Когда фараон узнал об этом, он объявил, что разрывает свою дружбу с Поликратом, уверенный, что столь дерзновенное счастье должно навлечь на него гнев богов. Какова бы ни была ценность приведенного анекдота, конец Поликрата был трагическим. Один из его сатрапов заманил его в соседнюю провинцию, где Поликрат и погиб в медленных мучениях, после чего его тело было привязано слугами сатрапа к кресту на горе Микальской. Таким образом, жители Самоса могли со всех сторон видеть при багровом зареве заката труп своего тирана, распятый на возвышенном мысе лицом к острову, где он царствовал в радости и великолепии.
Но вернемся к началу царствования Поликрата. В одну ясную ночь, невдалеке от храма Юноны, дорийский фасад которого был освещен мягким светом полной луны, придававшим ему еще большую мистическую величавость, под деревьями ближайшего леса сидел молодой пришелец. Сверток папируса с песнями Гомера соскользнул к его ногам. Он размышлял в чутком молчании ночи. Прошло уже много времени после заката солнца, но его пылающий диск продолжал стоять перед взором молодого мечтателя, и мысль его блуждала далеко от видимого мира.
Пифагор был сыном богатого самосского ювелира и его жены, которую звали Парфениса. Дельфийская пифия, спрошенная во время путешествия молодыми новобрачными, предрекла им «сына, который принесет благо всем людям на все времена»; по совету оракула, супруги отправились в Финикию, в Сидон, чтобы предназначенный им сын появился на свет вдали от волнующих влияний их родины.
Еще до рождения ребенок был посвящен своими родителями свету Аполлона. Когда ему исполнился год, его мать, по заранее данному дельфийскими жрецами совету, понесла его в храм Адонаи, находившейся в Ливанской долине. Там великий жрец благословил его. Затем семья возвратилась в Самос.
Сын Парфенисы был чрезвычайно красив, кроток, разумен и с детства отличался справедливостью. В его глазах сверкала пламенная мысль, и она придавала всем его действиям сосредоточенную энергию.
Родители не только не противодействовали, а, наоборот, скорее поощряли его преждевременную склонность к науке. Он мог свободно беседовать с жрецами Самоса, которые к тому времени начали основывать в Ионии школы, где они и преподавали начала физики. В восемнадцать лет он занимался с Гермодамом в Самосе; в двадцать лет слушал уроки Фересида в Спросе и вступал в диспуты с Фалесом и Анаксимандром в Милете.

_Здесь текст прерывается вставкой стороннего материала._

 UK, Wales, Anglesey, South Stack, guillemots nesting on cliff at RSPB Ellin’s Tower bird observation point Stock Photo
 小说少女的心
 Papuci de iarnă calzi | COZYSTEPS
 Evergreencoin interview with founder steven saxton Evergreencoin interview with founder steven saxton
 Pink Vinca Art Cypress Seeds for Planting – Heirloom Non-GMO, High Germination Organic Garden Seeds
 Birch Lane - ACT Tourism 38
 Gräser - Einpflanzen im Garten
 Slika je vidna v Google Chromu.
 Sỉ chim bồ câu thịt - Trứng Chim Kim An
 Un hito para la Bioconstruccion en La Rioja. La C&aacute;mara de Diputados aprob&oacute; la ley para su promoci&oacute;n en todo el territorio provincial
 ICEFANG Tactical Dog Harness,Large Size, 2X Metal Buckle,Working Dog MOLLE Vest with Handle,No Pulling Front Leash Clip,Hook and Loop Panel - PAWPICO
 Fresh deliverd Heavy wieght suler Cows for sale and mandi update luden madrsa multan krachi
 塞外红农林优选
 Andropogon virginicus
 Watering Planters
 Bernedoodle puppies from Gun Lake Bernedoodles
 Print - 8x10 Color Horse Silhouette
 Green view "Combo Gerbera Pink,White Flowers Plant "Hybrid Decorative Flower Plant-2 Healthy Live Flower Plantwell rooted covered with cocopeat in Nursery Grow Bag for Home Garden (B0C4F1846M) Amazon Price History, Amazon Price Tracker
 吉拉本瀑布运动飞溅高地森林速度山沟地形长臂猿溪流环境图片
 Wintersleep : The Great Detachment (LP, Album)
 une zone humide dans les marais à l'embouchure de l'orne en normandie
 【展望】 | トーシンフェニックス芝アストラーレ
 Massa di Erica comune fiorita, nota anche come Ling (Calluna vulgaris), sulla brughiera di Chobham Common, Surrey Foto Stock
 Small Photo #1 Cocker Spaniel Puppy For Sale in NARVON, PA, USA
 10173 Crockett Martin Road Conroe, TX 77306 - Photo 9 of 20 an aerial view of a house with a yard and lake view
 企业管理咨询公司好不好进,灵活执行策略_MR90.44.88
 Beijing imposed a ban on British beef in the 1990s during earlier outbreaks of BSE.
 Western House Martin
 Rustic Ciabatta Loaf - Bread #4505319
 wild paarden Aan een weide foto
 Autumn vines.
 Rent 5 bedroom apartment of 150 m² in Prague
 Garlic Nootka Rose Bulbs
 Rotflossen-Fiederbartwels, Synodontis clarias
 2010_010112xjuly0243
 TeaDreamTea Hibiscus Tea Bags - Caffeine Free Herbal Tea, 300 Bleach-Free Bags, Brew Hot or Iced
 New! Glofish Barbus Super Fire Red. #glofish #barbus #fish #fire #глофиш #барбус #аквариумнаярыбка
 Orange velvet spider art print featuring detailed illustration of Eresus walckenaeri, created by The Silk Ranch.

Эти учителя открыли перед ним новые горизонты, но ни один не удовлетворял его. Среди их противоречивых учений он искал живой связи, синтеза, единства великого Целого. Он подошел к одному из тех кризисов, когда ум, встревоженный противоречием явлений, сосредоточивает все свои способности в великом усилии увидеть цель, найти путь, ведущий к свету истины, к центру жизни.
В эту теплую и яркую ночь сын Парфенисы смотрел поочередно на землю, на храм и на звездное небо.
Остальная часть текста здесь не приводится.